*** Begin section ***

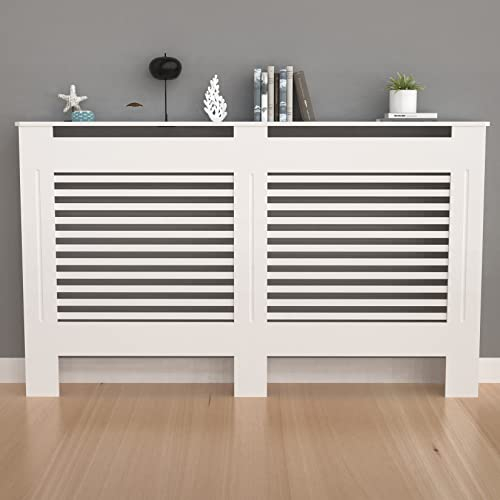 FATIVO Cache-radiateur haut en bois pour armoire : hauteur intérieure 100 cm, extra large, blanc à lattes horizontales, étagère de radiateur moderne en bois MDF épais, pour couloir, maison, bureau,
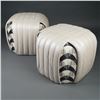Image 7 : 2pc Contemporary Leather & Fabric Ottomans, Matching Set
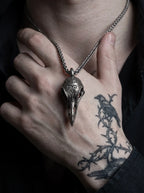 Omen Raven Skull Pendant Necklace image 3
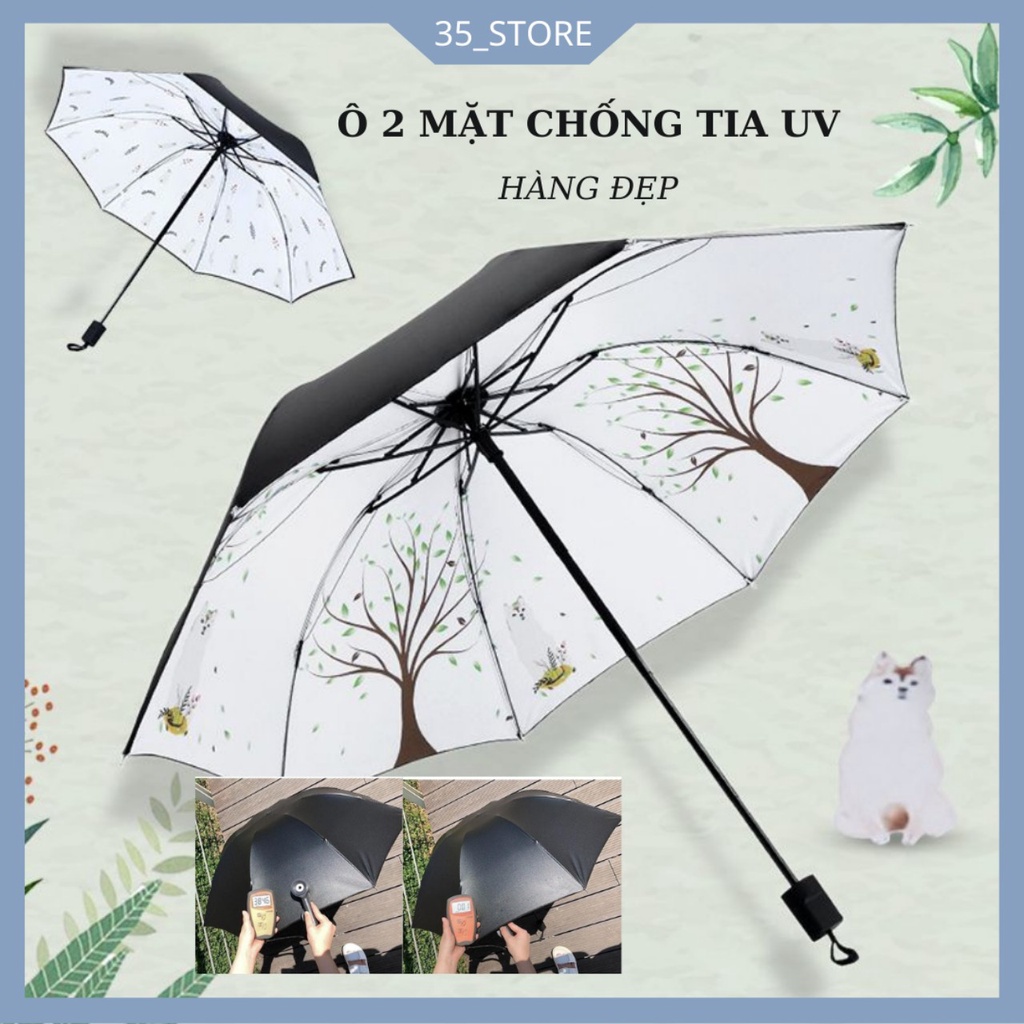 Ô che nắng hai mặt chống tia UV /Dù che nắng hoa văn 3D Mẫu Mới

*** End section ***

**EXERCISE OBJECTIVE:**
When you write out the material, keep every line exact and leave out each picture.

**RESPONSE FOR THIS EXERCISE:**
 FATIVO Cache-radiateur haut en bois pour armoire : hauteur intérieure 100 cm, extra large, blanc à lattes horizontales, étagère de radiateur moderne en bois MDF épais, pour couloir, maison, bureau,
Image 7 : 2pc Contemporary Leather & Fabric Ottomans, Matching Set
 Omen Raven Skull Pendant Necklace image 3
 Ô che nắng hai mặt chống tia UV /Dù che nắng hoa văn 3D Mẫu Mới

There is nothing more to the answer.